Starting with the line that has "544 Pottery Street, Eastend, SK" in the records below and stopping after the line that has "Полицейские во время", output every line exactly and nothing else; skip pictures.

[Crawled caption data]

· · · ·

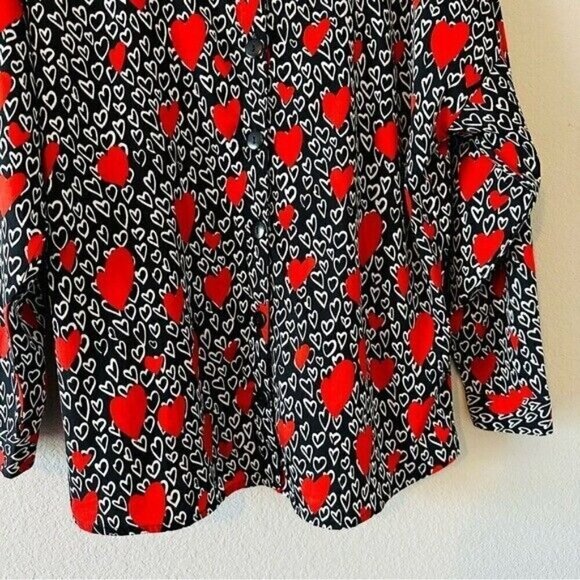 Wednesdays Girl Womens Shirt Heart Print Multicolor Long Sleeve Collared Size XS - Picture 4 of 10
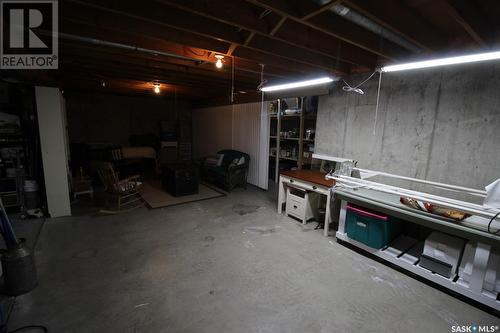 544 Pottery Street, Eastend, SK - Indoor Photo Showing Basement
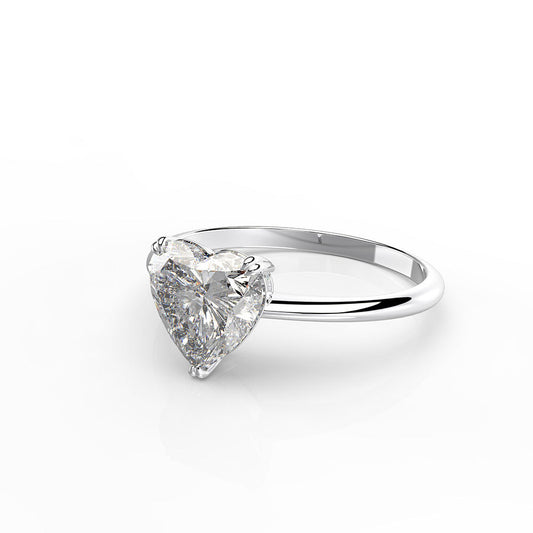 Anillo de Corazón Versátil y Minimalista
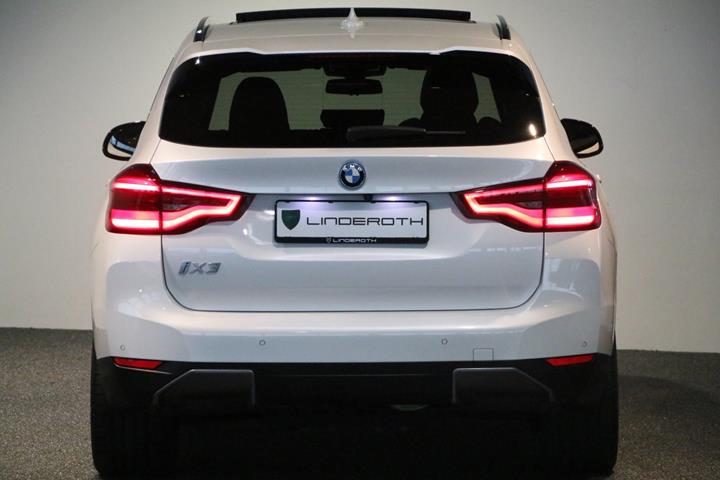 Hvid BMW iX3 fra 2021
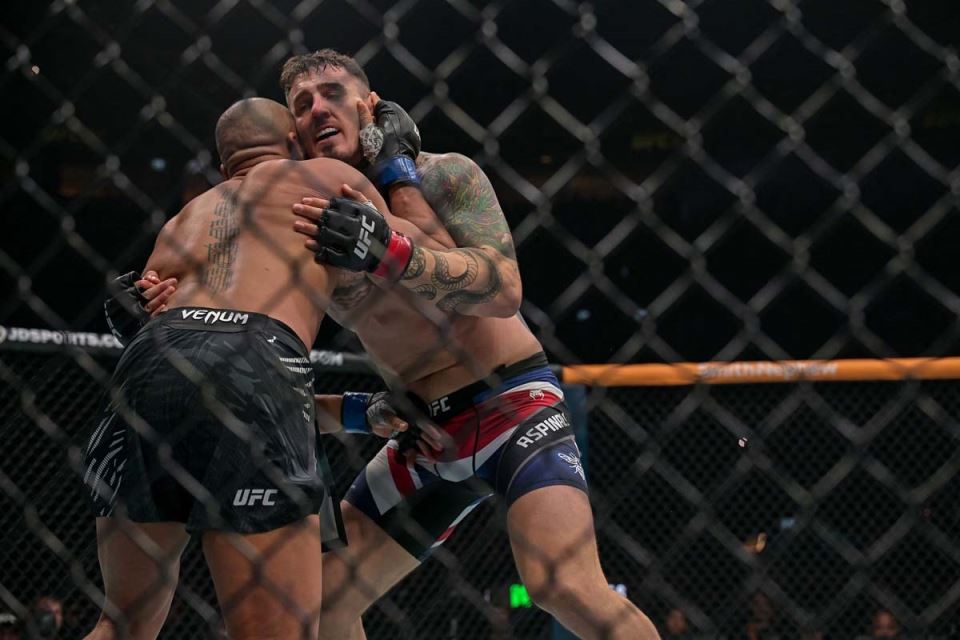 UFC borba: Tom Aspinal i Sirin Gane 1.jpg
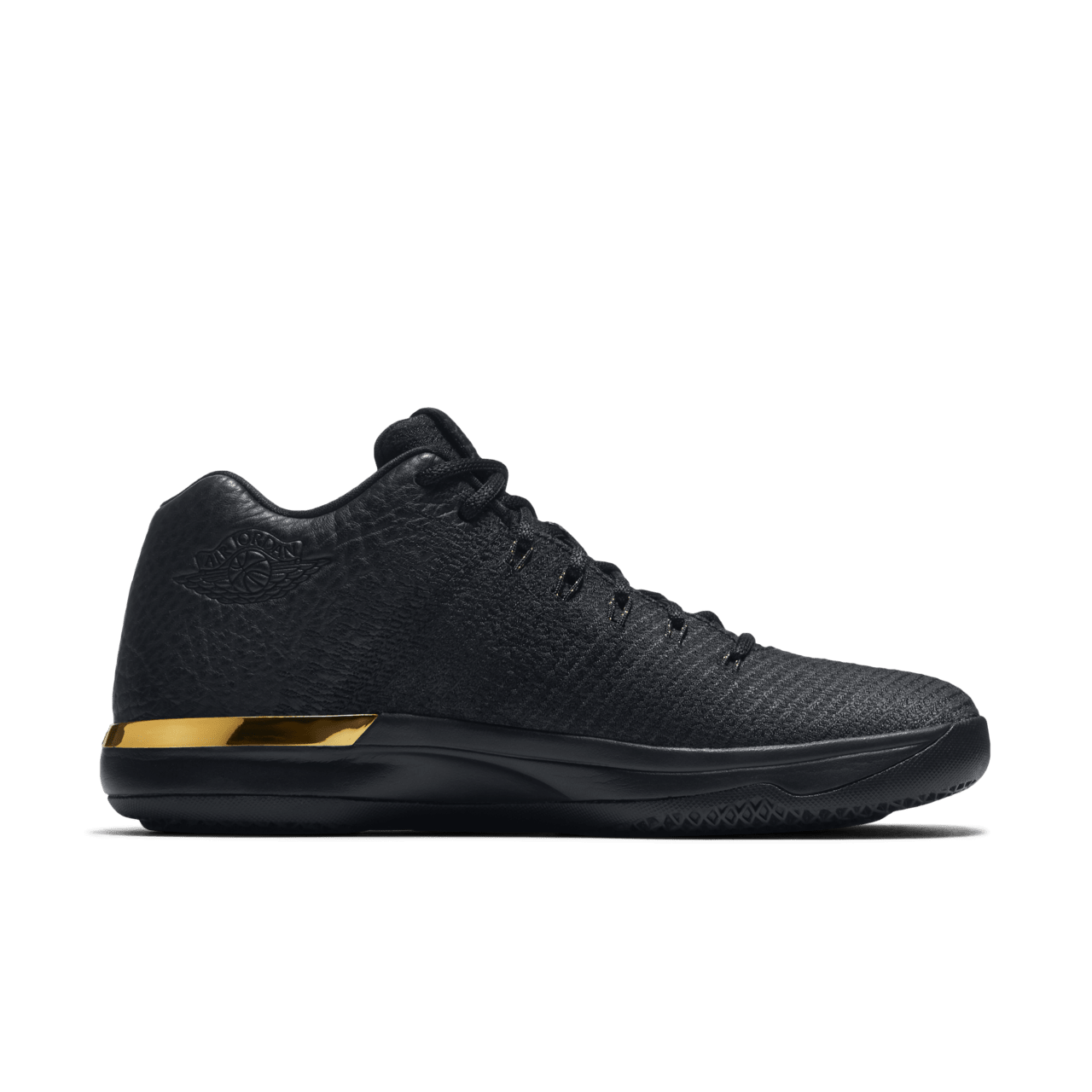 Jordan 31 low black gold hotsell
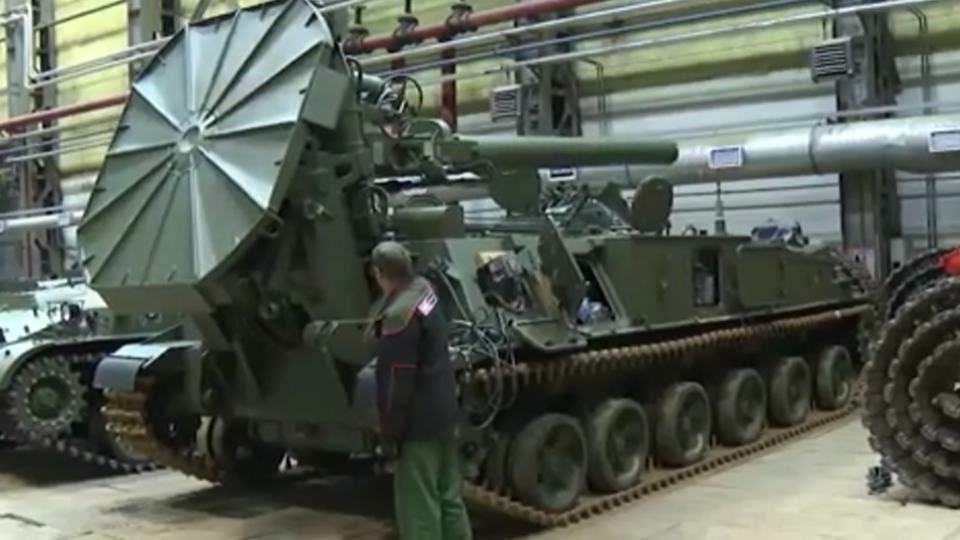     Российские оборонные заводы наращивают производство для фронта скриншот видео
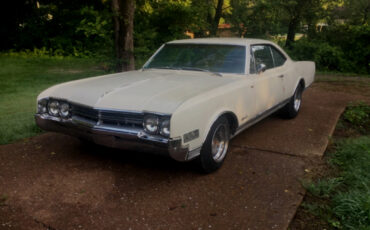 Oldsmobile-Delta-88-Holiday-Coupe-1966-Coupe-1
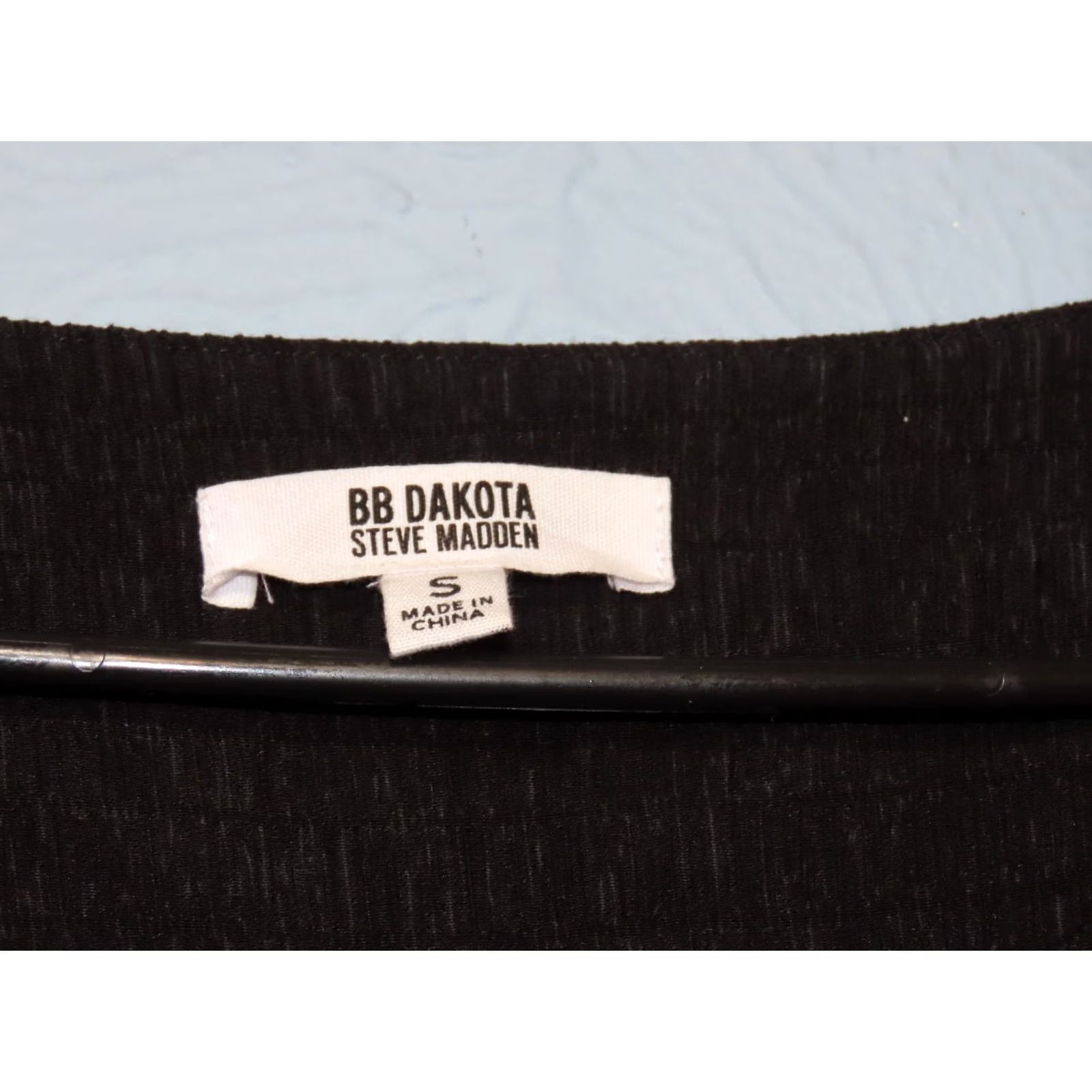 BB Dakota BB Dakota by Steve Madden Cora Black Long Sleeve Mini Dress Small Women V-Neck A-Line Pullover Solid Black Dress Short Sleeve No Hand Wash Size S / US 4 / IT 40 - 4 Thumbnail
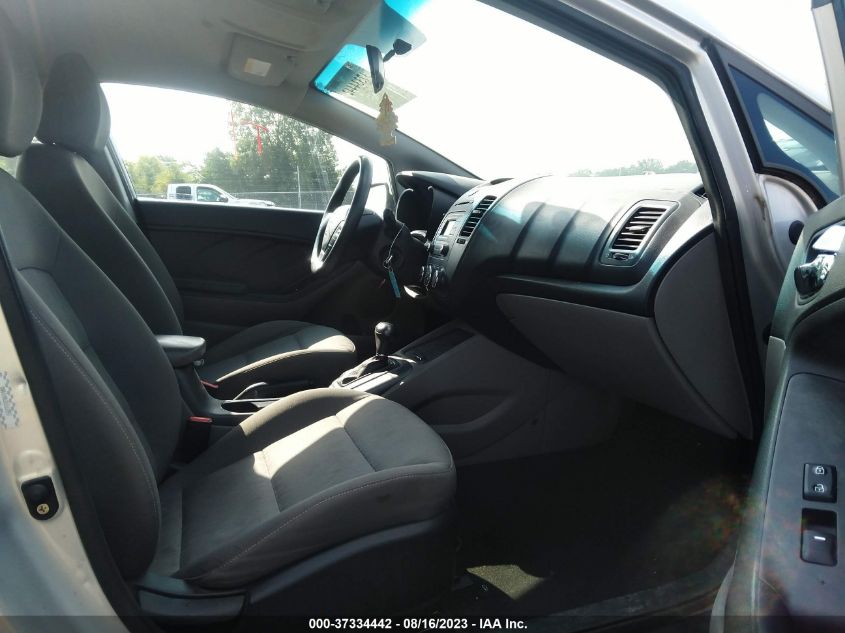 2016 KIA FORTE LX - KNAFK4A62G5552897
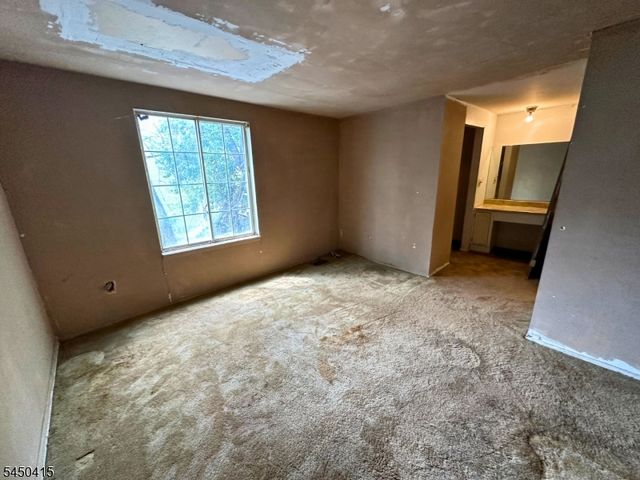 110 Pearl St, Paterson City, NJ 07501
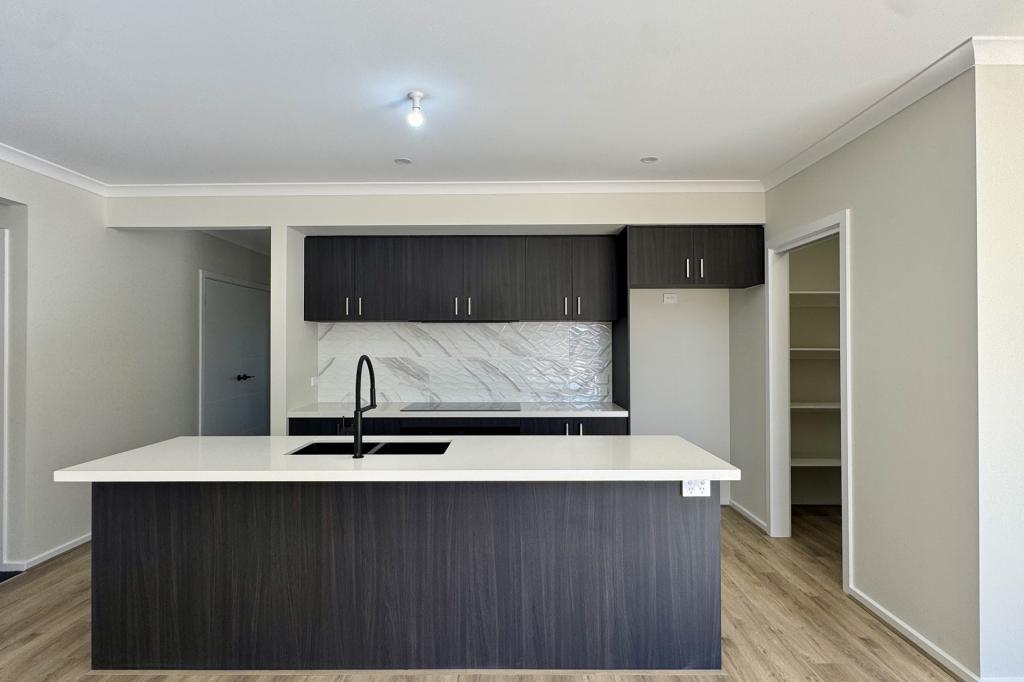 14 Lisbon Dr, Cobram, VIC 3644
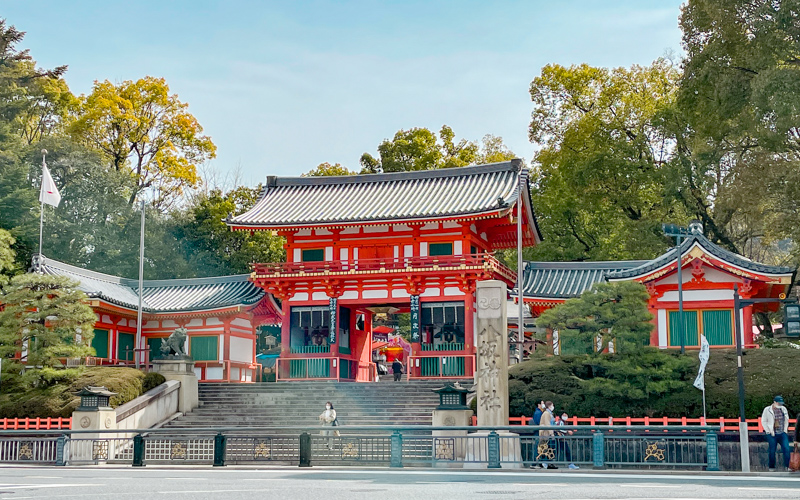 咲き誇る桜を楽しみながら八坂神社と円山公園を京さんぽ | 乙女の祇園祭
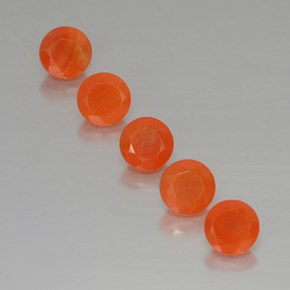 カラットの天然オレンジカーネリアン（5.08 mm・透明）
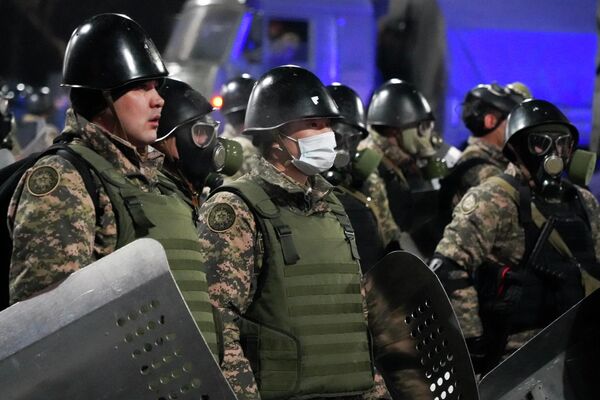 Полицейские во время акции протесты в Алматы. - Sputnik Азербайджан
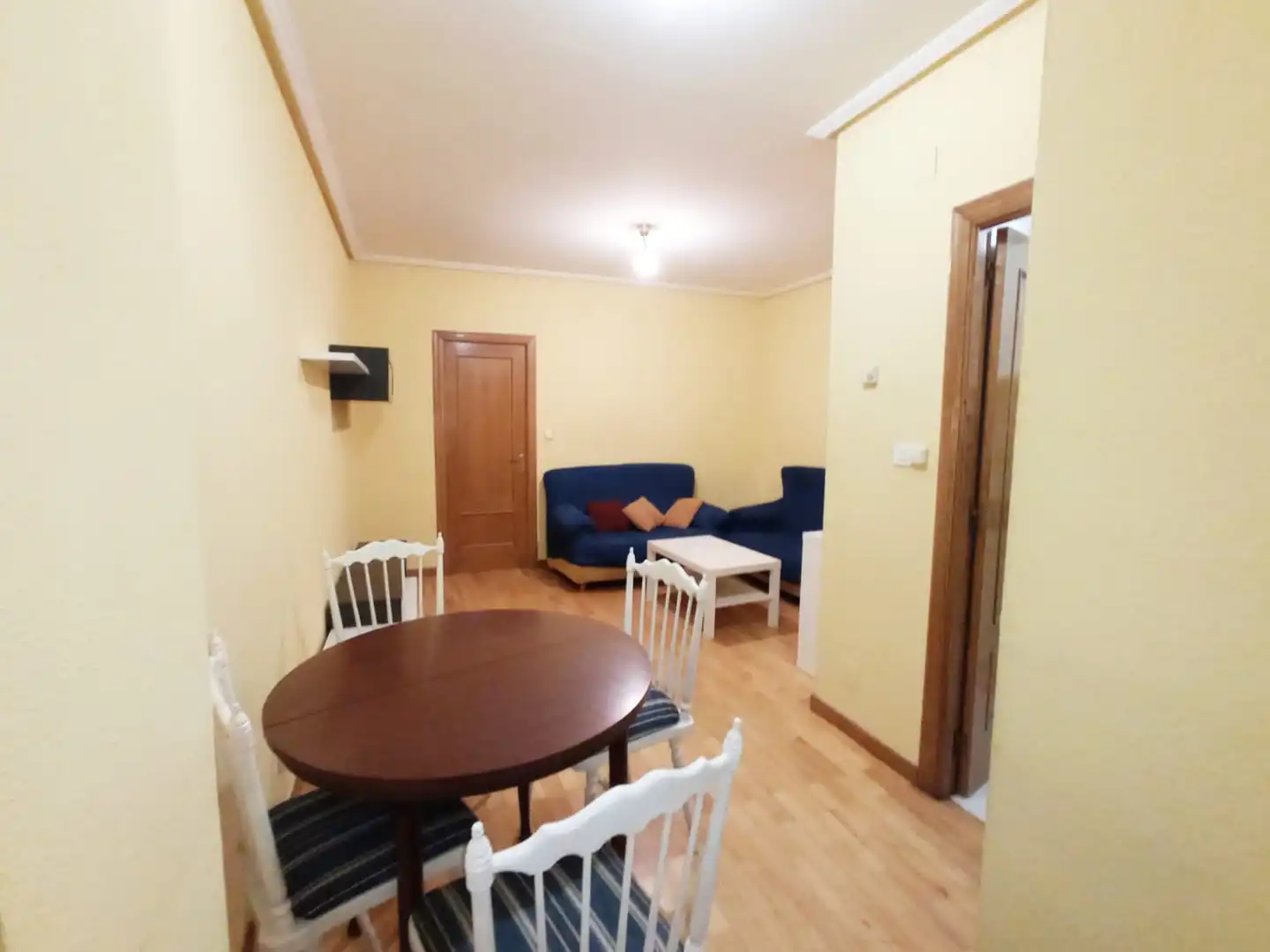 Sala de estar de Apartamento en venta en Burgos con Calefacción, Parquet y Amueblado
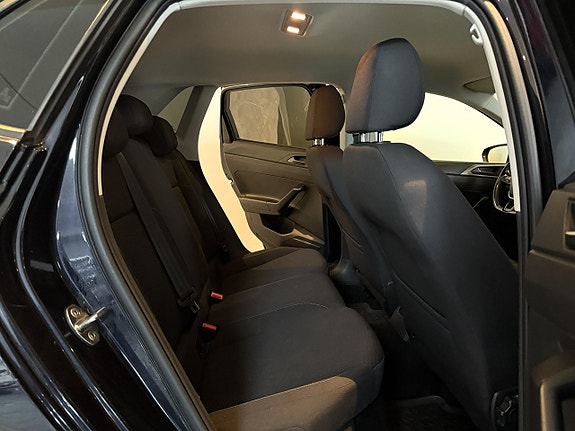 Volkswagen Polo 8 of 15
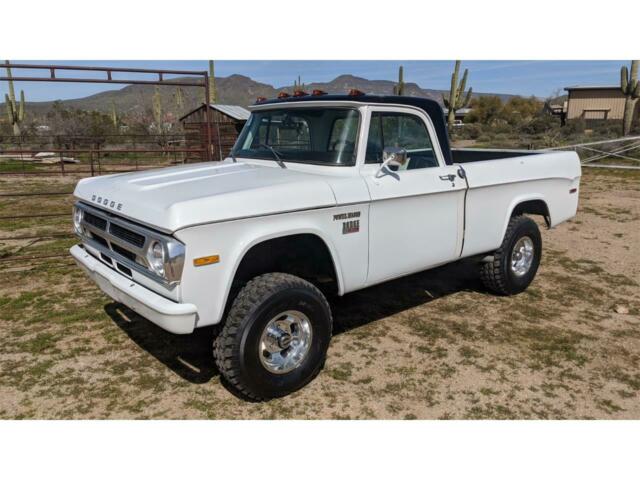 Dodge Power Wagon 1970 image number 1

· · · ·

__Answer box__.
 544 Pottery Street, Eastend, SK - Indoor Photo Showing Basement
 Anillo de Corazón Versátil y Minimalista
 Hvid BMW iX3 fra 2021
 UFC borba: Tom Aspinal i Sirin Gane 1.jpg
 Jordan 31 low black gold hotsell
     Российские оборонные заводы наращивают производство для фронта скриншот видео
 Oldsmobile-Delta-88-Holiday-Coupe-1966-Coupe-1
 BB Dakota BB Dakota by Steve Madden Cora Black Long Sleeve Mini Dress Small Women V-Neck A-Line Pullover Solid Black Dress Short Sleeve No Hand Wash Size S / US 4 / IT 40 - 4 Thumbnail
 2016 KIA FORTE LX - KNAFK4A62G5552897
 110 Pearl St, Paterson City, NJ 07501
 14 Lisbon Dr, Cobram, VIC 3644
 咲き誇る桜を楽しみながら八坂神社と円山公園を京さんぽ | 乙女の祇園祭
 カラットの天然オレンジカーネリアン（5.08 mm・透明）
 Полицейские во время акции протесты в Алматы. - Sputnik Азербайджан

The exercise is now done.